Die musikalische Programmauswahl stellte einen gelungenen Überblick über Prokofjews verschiedene Schaffensperioden sowie dessen vier Grundlinien – klassisch, modern, motorisch und lyrisch – dar. Mit der ersten Sinfonie Nr. 1 D-Dur op. 25 des Komponisten, der sogenannten »Sinfonie classique« (1916), eröffnete das 62 Musiker starke und bestens aufgelegte Orchester unter Dirigent Michael Millard den Abend. Komponiert 1916/17, hat sich Prokofjew bei seiner bekanntesten Sinfonie von Haydn und dem jungen Tschaikowsky, und somit auch von Mozart, inspirieren lassen. Das Stück zeigt nicht nur einen »klassischen« Rückblick des Komponisten, sondern setzt sich auch auf teils ironische Art mit den Satz- und Kompositionstechniken früherer Meister auseinander. Im Hinblick auf Prokofjews späteres Schaffen fällt die »Sinfonie classique« recht kurz und knapp aus, was dem humorvoll zugespitzten historischen Rückblick jedoch absolut zugute kommt.
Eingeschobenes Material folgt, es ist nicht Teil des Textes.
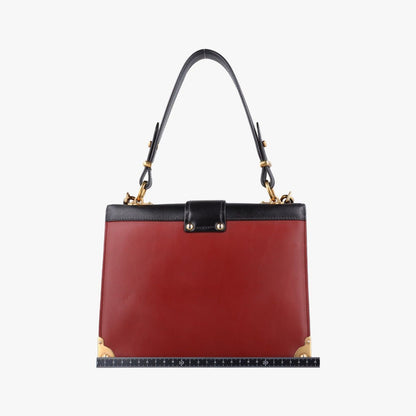 Prada Cahier Lion Head Black Red Leather 25 Shoulder — view 2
Mit dem anschließenden Violinkonzert Nr. 2 g-Moll op. 63 (1935) hat sich das Philharmonische Orchester die großartige Solistin Anne Luisa Kramb als Partnerin zur Seite geholt. Mit einer russisch anklingenden Solointonation eröffnet Kramb das Konzert und meistert ihren äußerst anspruchsvollen und virtuosen Part schlichtweg bravourös. Das in seinen drei Sätzen sehr kontrastreiche Werk zählt mitunter zu den bedeutendsten Violinkonzerten und die Solistin interpretiert dieses auf höchstem Niveau. Egal, ob lyrische Kantilenen, anspruchsvolle Chromatiken oder tänzerisch-wilde und rasante Tempi, Kramb ist eine Meisterin ihrer Kunst. Aber auch das Orchester erfüllt seine Aufgabe mit Können, Leidenschaft und Esprit. Als Zugabe wählt Kramb Großmeister Bach und verzaubert ihr Publikum abermals mit ihrer innigen Art der Interpretation.
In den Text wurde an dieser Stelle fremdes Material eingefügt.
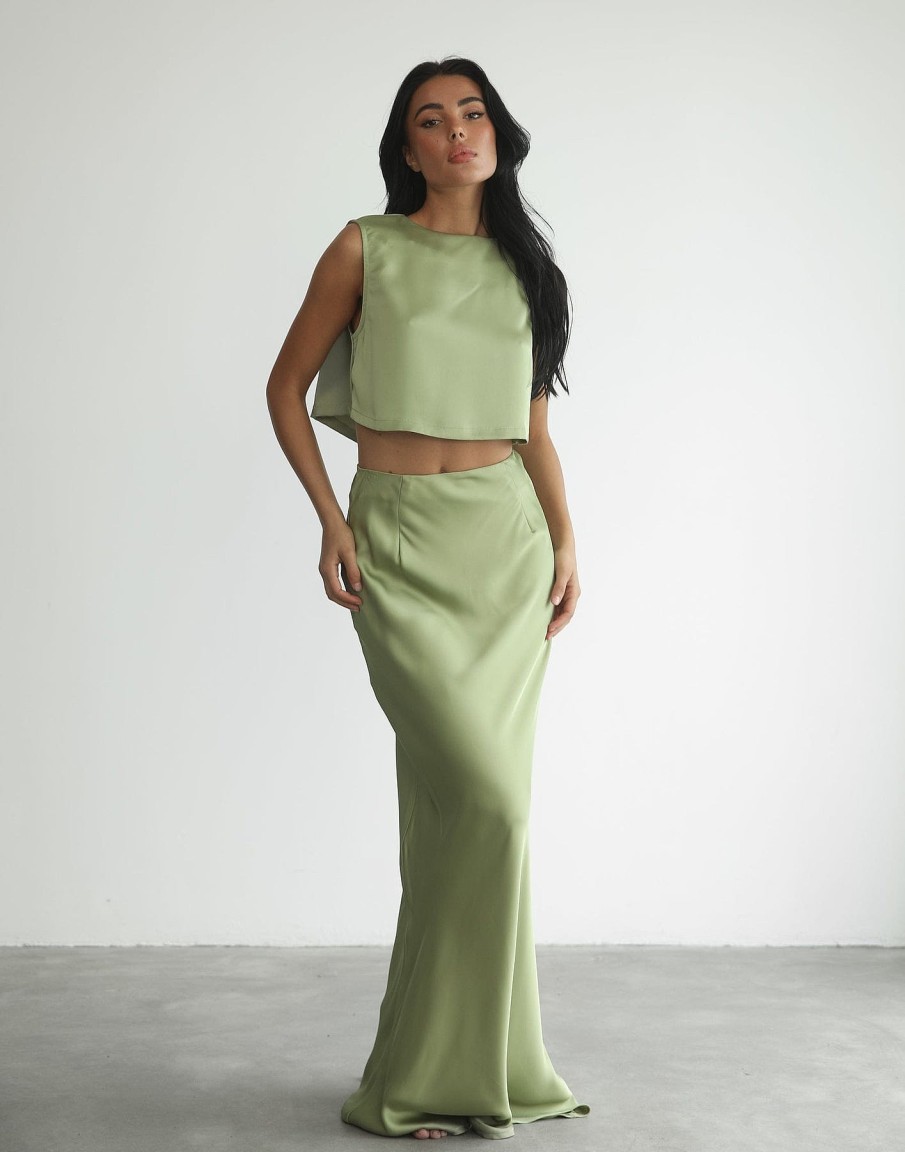 Clothing Charcoal Clothing Skirts | Sincerity Maxi Skirt (Sage)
Ganz große Gefühle stehen nach der Pause auf dem Programm. Denn Prokofjew hat das Liebespaar schlechthin zum Thema seines längsten Handlungsballetts gemacht – »Romeo und Julia« op. 64 (1935). Neun aus insgesamt 52 Musiknummern des dreiaktigen Balletts erklingen unter dem feinfühligen und klaren Dirigat Millards. Die Vertonung der tragischen Liebesgeschichte zählt heute, neben »Peter und der Wolf«, zu Prokofjews bekanntesten Kompositionen und gilt als einer seiner musikalischen Höhepunkte. Rhythmisch komplex und harmonisch oft sehr nahe an der Grenze zur Atonalität, zeigt Prokofjew die Bandbreite seines kompositorischen Könnens.
Das Orchester zieht seine Zuhörer regelrecht in den Bann dieser Geschichte und lässt einzelne Bilder der dramatischen Geschichte vor dem inneren Auge aufleben. Nach dem tragischen Ende entlädt sich die Anspannung des Publikums in einem nicht enden wollenden, begeisterten Applaus, bis es nach der Zugabe »Tybalts Tod«, beseelt und zufrieden den Saal verlässt.